■ **Task requirements**: All lines below between the line with "Surreal Organic Fantasy Landscape" and the line with "Imagem de Chaveiro", including both, must be copied exactly, and the pictures must be omitted.

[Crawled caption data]
BEGIN
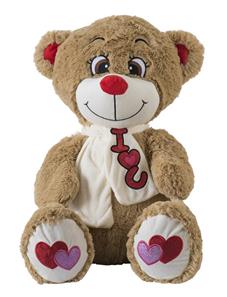 iPlush  Stor Bamse Love Bear Lysebrun 60cm 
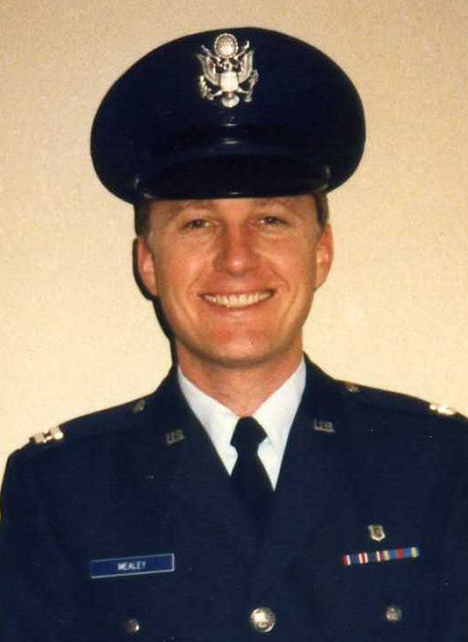 Dr. Brian L. Mealey, circa 1983, served 21 years on active duty in the United States Air Force.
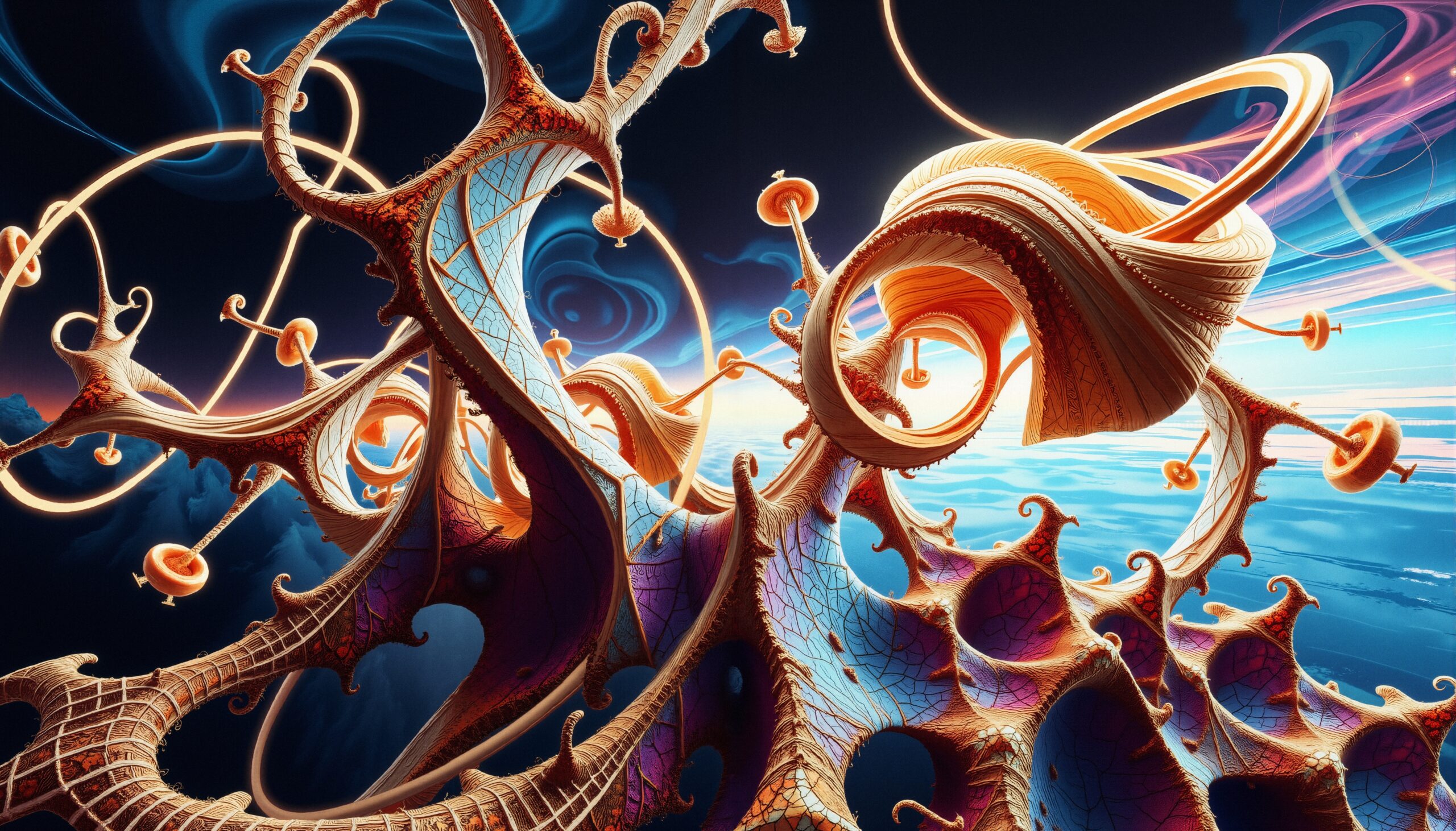 Surreal Organic Fantasy Landscape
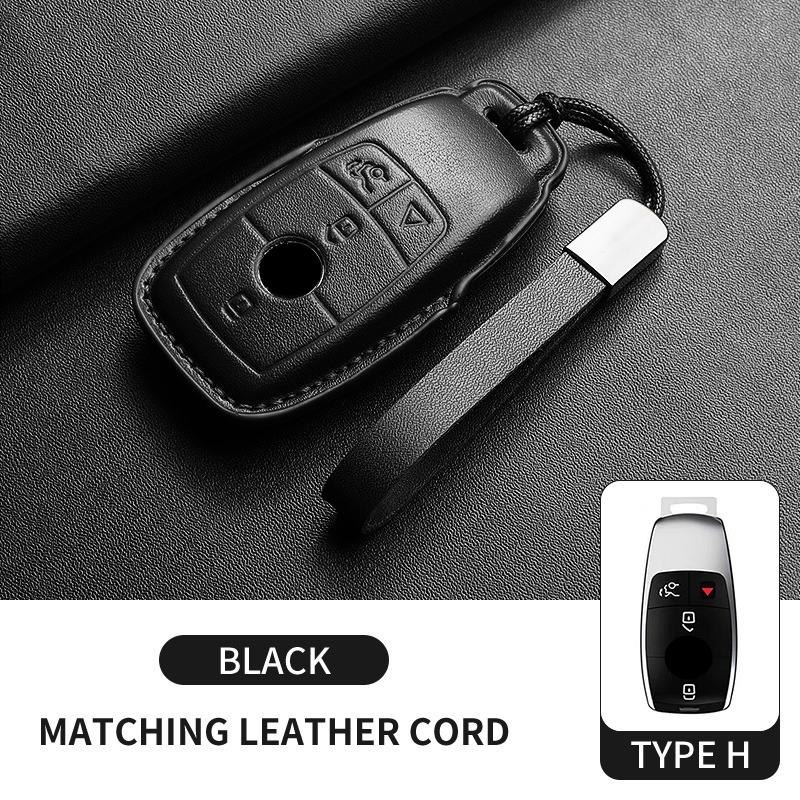 Fit For Mercedes Benz W205 W213 W177 W222 X167 Glc Gls Cle Cla Glb A C E S G Class Amg Genuine Genuine Leather Auto Key Fob Cover Case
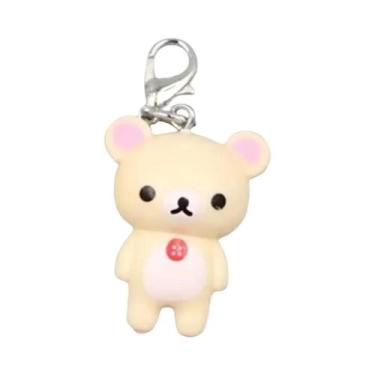 Imagem de Chaveiro De Urso Kawaii Rilakkuma, Charms Para Telefone Y2K, Cadeia De
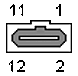 12 pin SNES A/V female proprietary connector drawing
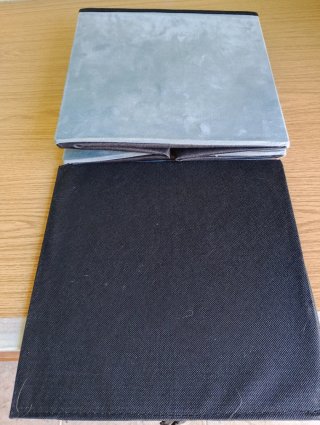 Puff Almacenamiento Plegable Gris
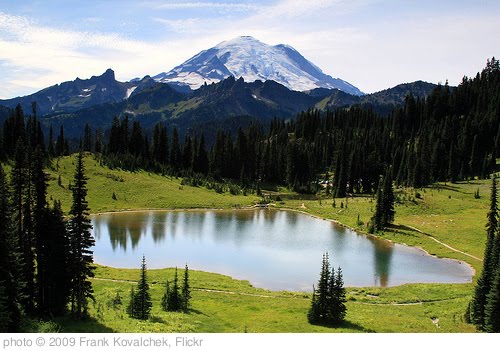 'Mt. Rainier viewed from Upper Tipsoo Lake near Chinook Pass' photo (c) 2009, Frank Kovalchek - license: http://creativecommons.org/licenses/by/2.0/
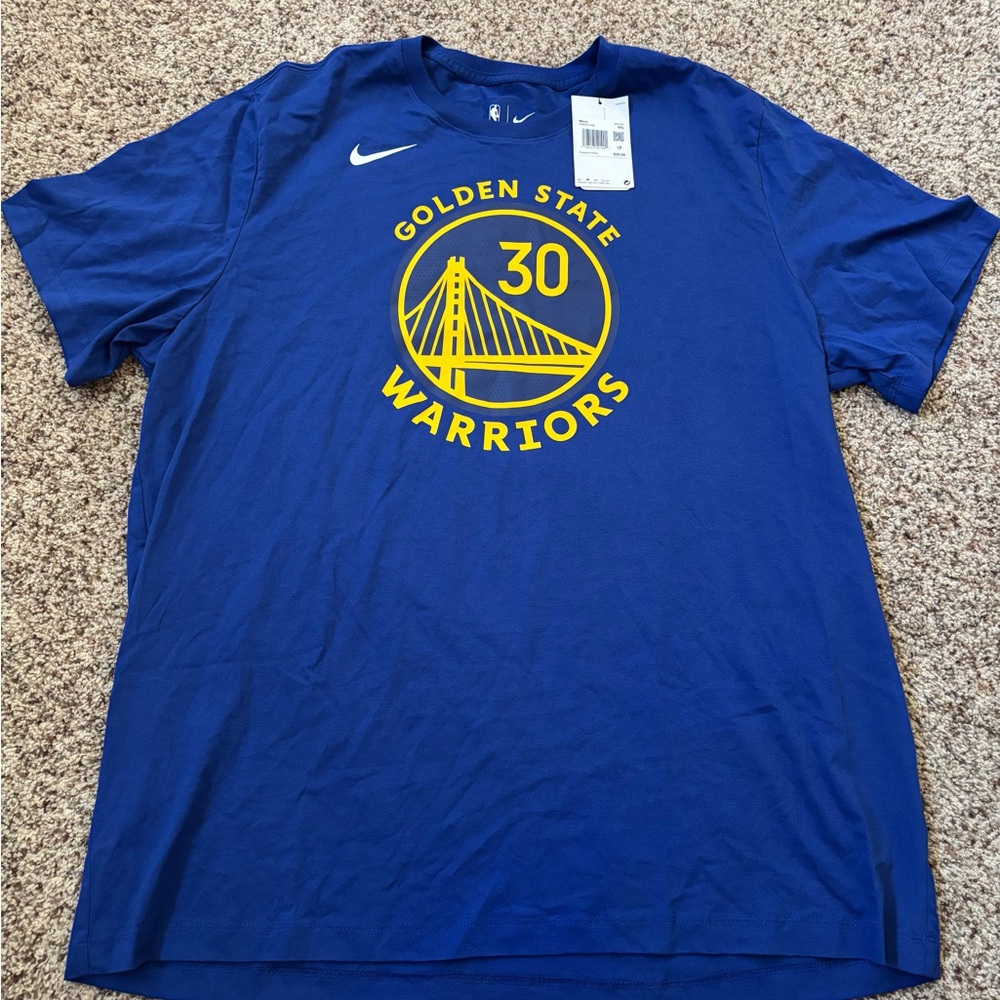 Nike Blue Golden State Warriors Tee NWT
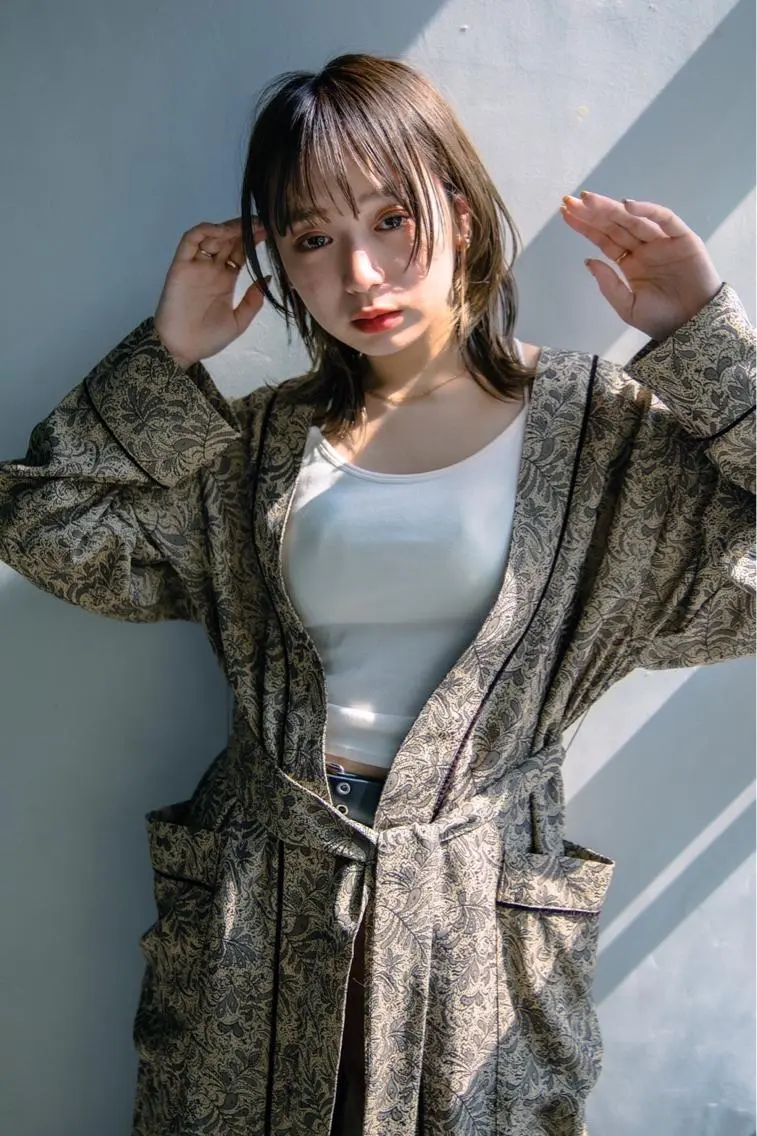 ミディアム カラー 酸性縮毛矯正 店長浅野太郎のヘアスタイル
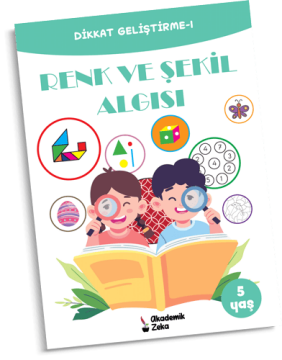 5 Yaş Dikkat Geliştirme Seti (5 KİTAP VE ÇÖZÜM PİYON SETİ)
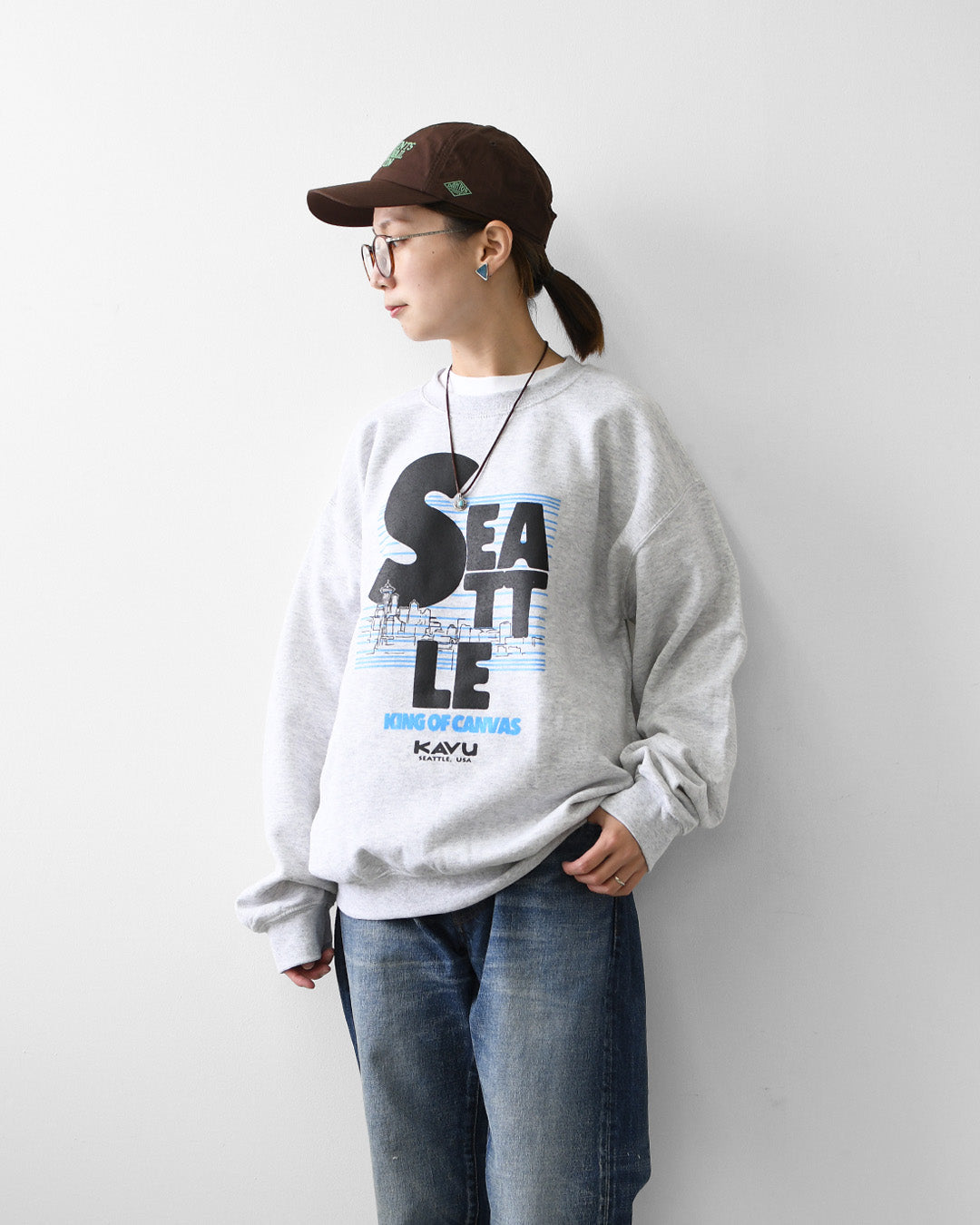 KAVU [カブー] Classic Seattle Sweat [19822565] クラシックシアトルスウェット・ロゴスウェット・トレーナー・プリント・MEN'S [2026AW]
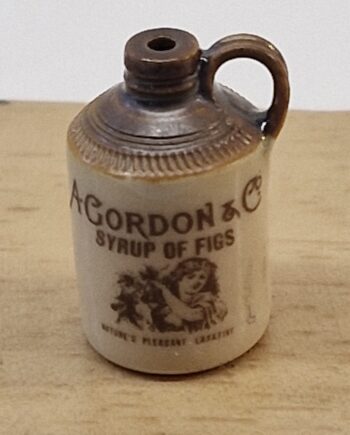 1:12th scale Miniature, Signed Terry Curran Ceramic Jar, T74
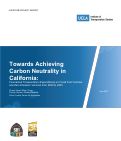 Cover page: Towards Achieving Carbon Neutrality in California: Forecasted Transportation Expenditures on Fossil Fuel Vehicles and Zero Emission Vehicles from 2020 to 2045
END
■ **Answer to this problem**:
 Surreal Organic Fantasy Landscape
 Fit For Mercedes Benz W205 W213 W177 W222 X167 Glc Gls Cle Cla Glb A C E S G Class Amg Genuine Genuine Leather Auto Key Fob Cover Case
 Imagem de Chaveiro De Urso Kawaii Rilakkuma, Charms Para Telefone Y2K, Cadeia De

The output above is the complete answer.